• [What you should do]
Please copy the last part of the entries exactly: the line that has "线上股票配资平台 卤菜店登陆" and every line up to and including the end, nothing more.

• [Information shown]
· · · · ·

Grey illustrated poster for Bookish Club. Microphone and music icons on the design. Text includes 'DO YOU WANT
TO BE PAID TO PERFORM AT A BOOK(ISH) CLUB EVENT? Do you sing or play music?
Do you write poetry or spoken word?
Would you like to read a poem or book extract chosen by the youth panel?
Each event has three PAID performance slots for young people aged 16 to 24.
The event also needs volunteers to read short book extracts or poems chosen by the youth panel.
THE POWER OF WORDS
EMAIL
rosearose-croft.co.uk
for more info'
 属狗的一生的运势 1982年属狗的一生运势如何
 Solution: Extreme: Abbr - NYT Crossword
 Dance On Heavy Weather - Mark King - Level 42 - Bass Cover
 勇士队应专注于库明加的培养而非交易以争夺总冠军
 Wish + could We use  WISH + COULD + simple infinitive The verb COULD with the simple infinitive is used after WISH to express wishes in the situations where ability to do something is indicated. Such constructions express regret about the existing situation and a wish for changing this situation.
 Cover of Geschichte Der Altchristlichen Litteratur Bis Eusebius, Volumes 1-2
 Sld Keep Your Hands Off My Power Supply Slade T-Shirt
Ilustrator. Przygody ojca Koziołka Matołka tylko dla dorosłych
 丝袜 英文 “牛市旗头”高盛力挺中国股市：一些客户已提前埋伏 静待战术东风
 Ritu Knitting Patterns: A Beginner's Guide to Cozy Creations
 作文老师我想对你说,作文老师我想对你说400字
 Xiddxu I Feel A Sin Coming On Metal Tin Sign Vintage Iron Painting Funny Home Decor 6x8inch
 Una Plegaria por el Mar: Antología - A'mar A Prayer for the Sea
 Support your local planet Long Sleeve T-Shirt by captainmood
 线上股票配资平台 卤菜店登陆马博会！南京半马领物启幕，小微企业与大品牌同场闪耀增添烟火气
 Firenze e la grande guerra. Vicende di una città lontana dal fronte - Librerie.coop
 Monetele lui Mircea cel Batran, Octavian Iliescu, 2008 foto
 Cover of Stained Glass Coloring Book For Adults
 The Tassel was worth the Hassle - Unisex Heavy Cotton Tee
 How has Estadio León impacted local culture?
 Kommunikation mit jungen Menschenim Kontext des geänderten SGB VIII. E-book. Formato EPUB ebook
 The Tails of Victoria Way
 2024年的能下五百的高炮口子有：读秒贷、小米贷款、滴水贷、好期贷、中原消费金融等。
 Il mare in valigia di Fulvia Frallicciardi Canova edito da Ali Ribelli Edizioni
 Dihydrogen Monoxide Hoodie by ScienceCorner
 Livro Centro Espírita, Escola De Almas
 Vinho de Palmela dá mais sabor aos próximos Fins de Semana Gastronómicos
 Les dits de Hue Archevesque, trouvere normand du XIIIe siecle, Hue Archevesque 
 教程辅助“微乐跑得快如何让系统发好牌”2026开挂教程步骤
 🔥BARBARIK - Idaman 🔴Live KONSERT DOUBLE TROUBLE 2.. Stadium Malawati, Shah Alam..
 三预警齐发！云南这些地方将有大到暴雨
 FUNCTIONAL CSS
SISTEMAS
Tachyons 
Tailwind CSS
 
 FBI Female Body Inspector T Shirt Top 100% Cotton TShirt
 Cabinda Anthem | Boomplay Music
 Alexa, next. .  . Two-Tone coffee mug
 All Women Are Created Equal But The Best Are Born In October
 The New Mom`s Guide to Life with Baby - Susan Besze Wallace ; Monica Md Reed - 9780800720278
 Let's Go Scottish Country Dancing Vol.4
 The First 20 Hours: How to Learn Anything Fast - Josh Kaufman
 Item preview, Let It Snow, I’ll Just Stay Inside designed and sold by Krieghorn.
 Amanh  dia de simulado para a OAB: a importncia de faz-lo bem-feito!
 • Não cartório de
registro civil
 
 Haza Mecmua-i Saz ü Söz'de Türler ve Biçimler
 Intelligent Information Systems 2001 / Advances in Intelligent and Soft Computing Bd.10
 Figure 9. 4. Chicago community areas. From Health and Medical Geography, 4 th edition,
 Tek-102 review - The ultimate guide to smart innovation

· · · · ·

• [Written response]
 线上股票配资平台 卤菜店登陆马博会！南京半马领物启幕，小微企业与大品牌同场闪耀增添烟火气
 Firenze e la grande guerra. Vicende di una città lontana dal fronte - Librerie.coop
 Monetele lui Mircea cel Batran, Octavian Iliescu, 2008 foto
 Cover of Stained Glass Coloring Book For Adults
 The Tassel was worth the Hassle - Unisex Heavy Cotton Tee
 How has Estadio León impacted local culture?
 Kommunikation mit jungen Menschenim Kontext des geänderten SGB VIII. E-book. Formato EPUB ebook
 The Tails of Victoria Way
 2024年的能下五百的高炮口子有：读秒贷、小米贷款、滴水贷、好期贷、中原消费金融等。
 Il mare in valigia di Fulvia Frallicciardi Canova edito da Ali Ribelli Edizioni
 Dihydrogen Monoxide Hoodie by ScienceCorner
 Livro Centro Espírita, Escola De Almas
 Vinho de Palmela dá mais sabor aos próximos Fins de Semana Gastronómicos
 Les dits de Hue Archevesque, trouvere normand du XIIIe siecle, Hue Archevesque 
 教程辅助“微乐跑得快如何让系统发好牌”2026开挂教程步骤
 🔥BARBARIK - Idaman 🔴Live KONSERT DOUBLE TROUBLE 2.. Stadium Malawati, Shah Alam..
 三预警齐发！云南这些地方将有大到暴雨
 FUNCTIONAL CSS
SISTEMAS
Tachyons 
Tailwind CSS
 
 FBI Female Body Inspector T Shirt Top 100% Cotton TShirt
 Cabinda Anthem | Boomplay Music
 Alexa, next. .  . Two-Tone coffee mug
 All Women Are Created Equal But The Best Are Born In October
 The New Mom`s Guide to Life with Baby - Susan Besze Wallace ; Monica Md Reed - 9780800720278
 Let's Go Scottish Country Dancing Vol.4
 The First 20 Hours: How to Learn Anything Fast - Josh Kaufman
 Item preview, Let It Snow, I’ll Just Stay Inside designed and sold by Krieghorn.
 Amanh  dia de simulado para a OAB: a importncia de faz-lo bem-feito!
 • Não cartório de
registro civil
 
 Haza Mecmua-i Saz ü Söz'de Türler ve Biçimler
 Intelligent Information Systems 2001 / Advances in Intelligent and Soft Computing Bd.10
 Figure 9. 4. Chicago community areas. From Health and Medical Geography, 4 th edition,
 Tek-102 review - The ultimate guide to smart innovation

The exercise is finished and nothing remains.